This project is part of the master course "Applied Natural Language Processing" by Davide Cavicchini. The goal is to develop an SRL system using a transformer encoder model. This repository includes data preprocessing, model training, and inference functionalities.
├── ConceptNET - Unused scripts to generate data from ConceptNET
| ├── ...
|
├── dataloaders
│ ├── pre-process.py - General preprocessing script
│ ├── preprocess_nombank.py - Preprocessing script for NomBank dataset
│ ├── preprocess_UP.py - Preprocessing script for Universal Proposition dataset
│ ├── UP_dataloader.py - Data loader for Universal Proposition dataset
│ ├── NOM_dataloader.py - Data loader for NomBank dataset
|
├── inference
│ ├── inference.py - Inference script for making predictions on new sentences from terminal
│ ├── interactive_KG.py - Generates an interactive Knowledge Graph using as input a file or a wikipedia page
|
├── train
│ ├── functions.py - Functions for training the model and evaluating the results
│ ├── utils.py - Utility functions to load the data
│ ├── main.py - Main script for training the model
|
├── model.py - Core model architecture
├── evaluation.py - Computes the metrics of the saved models on the test set and saves the to a file
├── requirements.txt - Python dependencies
|
├── .gitignore - Git ignore file
├── README.md - Project README file
-
Clone the repository:
git clone https://github.com/DavidC001/ANLP.git cd ANLP -
Install dependencies:
pip install -r requirements.txt
Note: to use cuda you might need to install the version of torch that supports your cuda version.

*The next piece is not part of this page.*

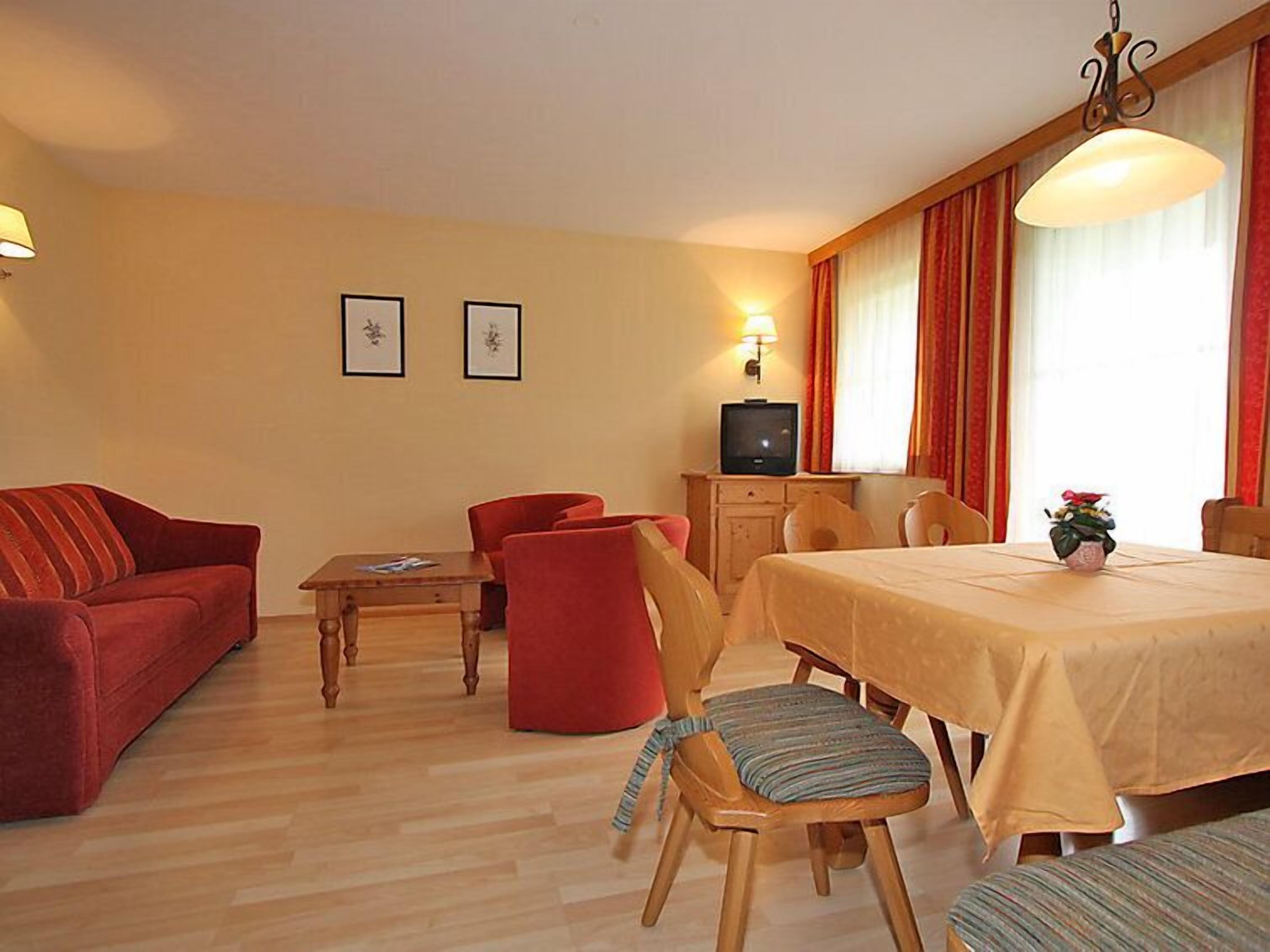 Ein gemütliches Zimmer mit einer roten Couch, einem Holzespeisetisch mit Stühlen, einem Fernseher und einem Fenster mit Vorhängen.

Before training the model, you need to preprocess the data. The dataloaders directory contains scripts for preprocessing different datasets:
preprocess_UP.py: To preprocess the Universal Proposition dataset.preprocess_nombank.py: To preprocess the NomBank dataset. Modified from this implementationpre-process.py: To preprocess both datasets.
To run these scripts, you need to adjust the paths and parameters according to your setup. These are the links to download the datasets:
For the paths to adjust in the script to preprocess the nomBank dataset make reference to this repository. Note, you also need to adjust the paths and download ALGNLP_2 data.
The core model is defined in model.py, including the SRL_MODEL model class which extends a pre-trained transformer model based on BERT architecture.
For more details on the model architecture, refer to the project report.
The training script is managed by train/main.py. The datasets need to be properly preprocessed and available in the datasets/preprocessed directory.
In the script it's possible to define the tests to run, the model hyperparameters, here is an example of the hyperparameters:
tests = {
"SRL_DISTILBERT": {
"model_name": "distilbert-base-uncased", # name of the encoder model to use
"combine_method": "gating", # how to combine the predicate and word representations, can be "sum", "concat", "soft_attention", "gating"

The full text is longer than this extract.